The act states that in order to continue to be enforceable, a homeowners association’s governing documents must be recorded in the county where the property is located by January 10, 2019 for associations in place on the effective date of the legislation. For new associations or for amendments to governing documents, recording must take place by January 10 of the year following the adoption or amendment of the documents.

The requirement to record Master Deeds is, of course, not new to South Carolina practitioners. We have recorded Master Deeds and their required attachments since the creation of Horizontal Property Regimes became possible in South Carolina. The new requirement applies to rules, regulations and bylaws of associations, including amendments to rules, regulations and bylaws. Practitioners have not routinely recorded these documents. It is interesting that recording rules, regulations and bylaws will not be subject to the requirement of witnesses and acknowledgements of §30-5-30.

A memorandum from the Register of Deeds of Horry County states that these documents will be accepted electronically and across the counter. Documents recorded across the counter must contain an original wet signature plus the printed name and title of the signatory. Horry County will also require contact information (address, email address or telephone number) of the person recording the document, the Homeowners Association’s name and the physical address or legal description of the property. Horry County also highly recommends, but does not require, the book and page number of the recorded Master Deed. This additional information may be included in a cover sheet.
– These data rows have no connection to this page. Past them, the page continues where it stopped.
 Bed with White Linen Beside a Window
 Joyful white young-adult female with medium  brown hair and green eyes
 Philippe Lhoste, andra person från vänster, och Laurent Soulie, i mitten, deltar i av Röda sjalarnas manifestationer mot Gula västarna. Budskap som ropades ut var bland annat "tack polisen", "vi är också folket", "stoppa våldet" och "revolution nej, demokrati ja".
The law also creates a new duty to disclose whether real property being sold is part of a homeowners association and a duty to disclose the condition of floors, foundations, plumbing, electrical and other components of the property. Real estate practitioners may be called upon to assist with these newly-created disclosures.
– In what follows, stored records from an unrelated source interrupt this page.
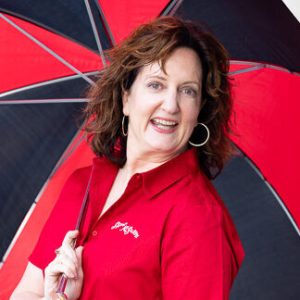 a woman standing in the rain holding an umbrella
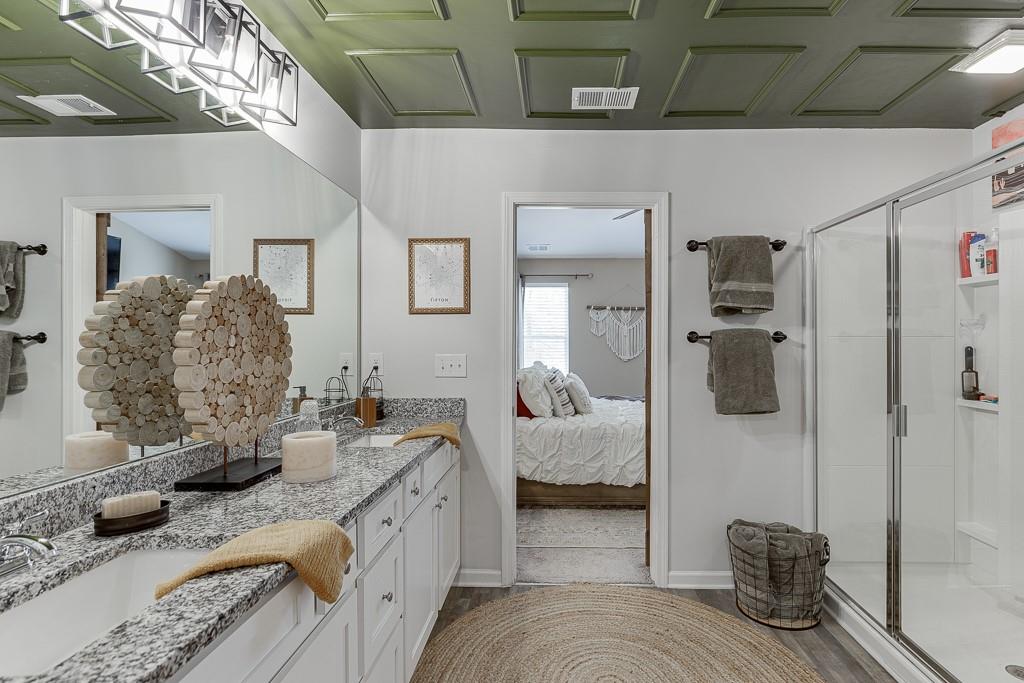 3712 Abbey Way Gainesville, GA 30507 - Photo 25 of 44 a spacious bathroom with a granite countertop shower and a mirror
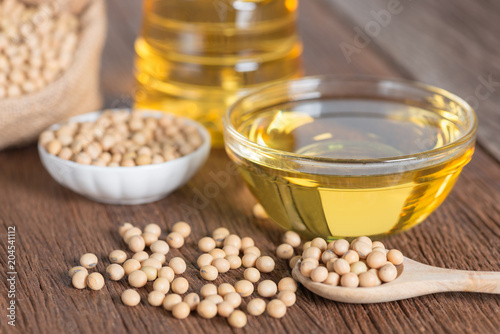 Soybean oil and Soybean on wooden table.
Another requirement of the legislation includes a 48-hour notice for meetings that are intended to increase budgets by more than ten percent. A requirement for access to community documents by owners was also added. This requirement was previously in place for associations that are created as non-profit corporations. The new law makes it clear that all homeowners associations must provide similar access to documents for owners. The law also gives magistrate’s courts concurrent jurisdiction for monetary disputes of up to $7,500 involving homeowners association disputes.